Achen assured me that it would be okay, the delay was no problem, just call him from the plane again when they actually start moving (apparently this flight is endemically delayed). A weird instance then happened on the plane, when we started rolling. I turned to an elderly, stout gentleman to my right and asked to borrow his phone to call the person that was picking me up at the airport, explaining away my whiteness and general conspicuousness. He seemed suspicious. Who was this person? A friend of mine? Won’t you be able to pick him out from the crowd in the airport? No, I’ve never actually met him? Eyes glaring, he asked me to dial the number (not long distance of course) and then he would talk. Man, what a stiff!


He told me that there would be a driver waiting for me.  Now, I had heard that they were pretty well-off, but a driver? At 2 am? I had the feeling I would be in for more than one surprise that night, and I would not be disappointed.

Delhi
An uneventful and comfortable 2-hour flight landed me in Delhi approaching the 2am mark. I walked outside, backpacks on front and back, and looked aimlessly, trying to stand out more than usual so attract my greeters.


Within a minute, a young guy came over, partially chewing on some street food, and asked if I was Jake. I resopnded yes and followed, only to be surprised to be met by Achen’s wife, Kamna, ~25, and find out that the guy was her cousin, Raj, 19. I was escorted, still a bit stunned, to the car, with driver waiting with the A/C on full blast.  Note: at 2am, without question, it was above 90 degrees. No big deal, it’s a dry heat.


Within 15 minutes, flying, I do mean that in the almost-literal sense, on the highway, we arrived at their year-old McMansion (in my opinion at least).

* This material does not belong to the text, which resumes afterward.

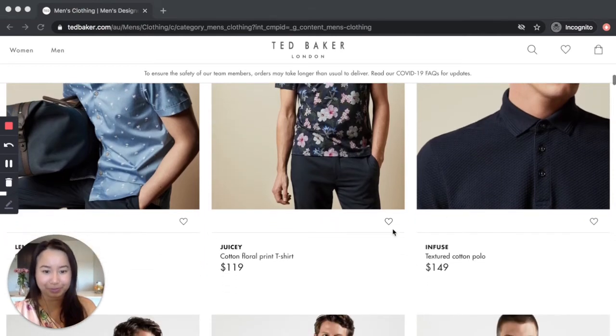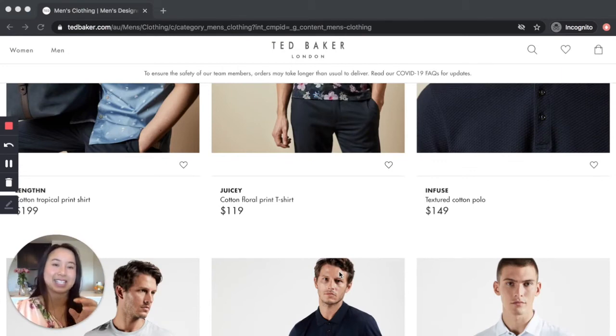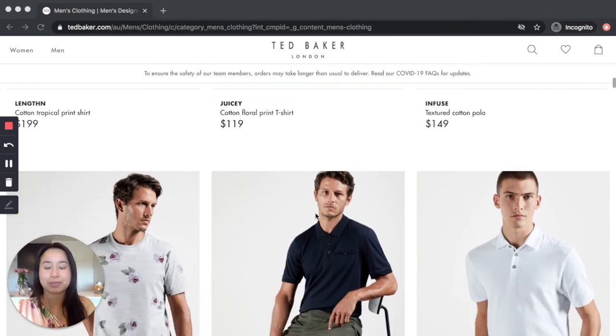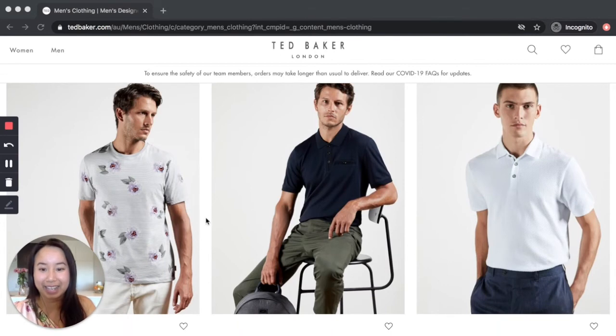You might learn more about this if you work with me, but the patterns and textures you choose are linked to what you want to communicate about yourself, as well as your personality and values, which I find absolutely fascinating. Clothes — while on surface value you might think it's just this — the philosophy, the science, the psychology is super fascinating. I get a bit nerdy about this.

After traveling on my own for a month, and not being in a real house for five months, this was truly a sight for sore eyes. After showing me to my ROOM, yes, my own room, complete with queen-sized bed, full bathroom, fresh towels, A/C, and more, I was told to shower up, and get ready. At around 4am, Kamna would be joining me, as the driver took us out for the 3-hour trek to Agra, to see the Taj Mahal.


Now, to be honest, I knew that they were going to take me to Agra, but I didn’t expect it at 4 in the morning, nor did I expect Kamna to join me.  As she puts it, she’s a housewife, and would rather see the Taj again than deal with the household stuff - lots of things, the AC included, are still being fixed.

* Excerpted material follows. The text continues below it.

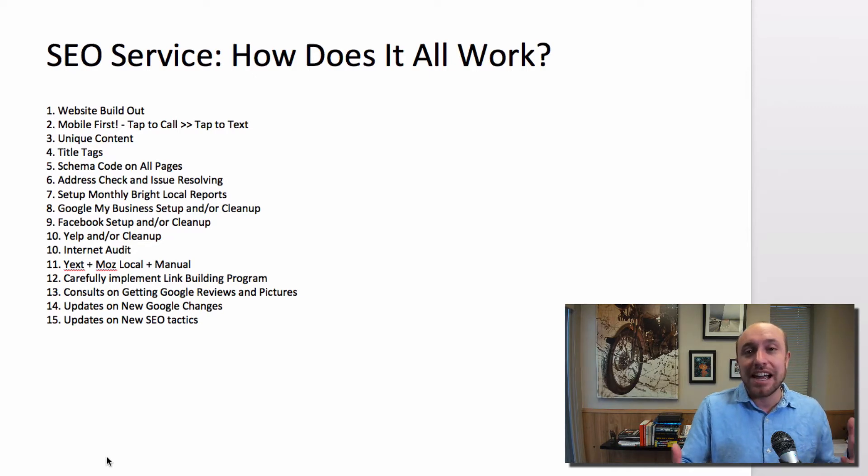This video is for potential clients that want to work with us, for people that want to do their own SEO and need some structure, and also for our current SEO clients that are wondering exactly what goes on behind the scenes. I'm going to break everything down into basically 16 things we do for SEO. Let's get started right now.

So, after a bowl of Honey Bunches of Oats, which I will not soon forget, we hopped back in the car with tons of snacks and water, and headed off into the sunrise to Agra. The point of going so early is the arrive when it opens, skipping both the crowds and the truly unbearable heat.


The Taj Mahal
We arrived in Agra around 7:30, and after nodding off for a little bit in the car on the very bumpy ride in, I was energetic and excited to see this magnificent wonder. The first interesting part was when the guide offered us a tour of the Taj. Having seen this already a few times, Kamna left it up to me, and figuring that I might not be back for a while, I took up the offer.  Of course, because we were one foreigner, one Indian, we got a better price - 250 rupees for the both of us, about 5 dollars.


Next to the ticket office, where us whiteys pay an extraoridanry 750 rupees, and the local price was 10. Amazing discrepancy, but as I’ve said before, I think this is the right thing to do, I certainly wasn’t spending a month’s salary on it like they would be, so we’ll let it slide.

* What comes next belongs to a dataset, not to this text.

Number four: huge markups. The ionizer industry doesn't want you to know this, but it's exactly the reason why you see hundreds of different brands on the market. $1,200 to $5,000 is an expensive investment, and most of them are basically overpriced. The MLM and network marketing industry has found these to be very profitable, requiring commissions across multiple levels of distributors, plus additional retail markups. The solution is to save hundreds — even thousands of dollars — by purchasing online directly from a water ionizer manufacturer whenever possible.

As you enter through the ticket area, you go into a courtyard, surrounded on all sides (symmetircally, as would become the theme) by buildings where they do the stone inalys, and where the workers live (I believe).

(The entrance area)

Then, you come upon this massive, red stone structure, the entrance to The Show. Of note, there are 23 domes on top, symbolizing the 23 years it took for the king to complete this homage to his wife upon her death. Also, I started realizing the distinct Islamic art and architecture - only geometric figures, no people etc - that were characteristic of the Muslim ruler at the time. Additionally, you can see inscriptions running up the lengths of the entrance from the Q’ran, supposedly an illusion, because the verses look identical in size, but to maintain this, as you go up, the figures actually get larger.  Either way, they are HUGE. Everything about this is just miraculous.

(The "Grand Entrance")


(Just the beginning...everything here was precious stone and marble)



(Half of the 23 "bulbs")

(This one helps you feel the correct amount of smallness)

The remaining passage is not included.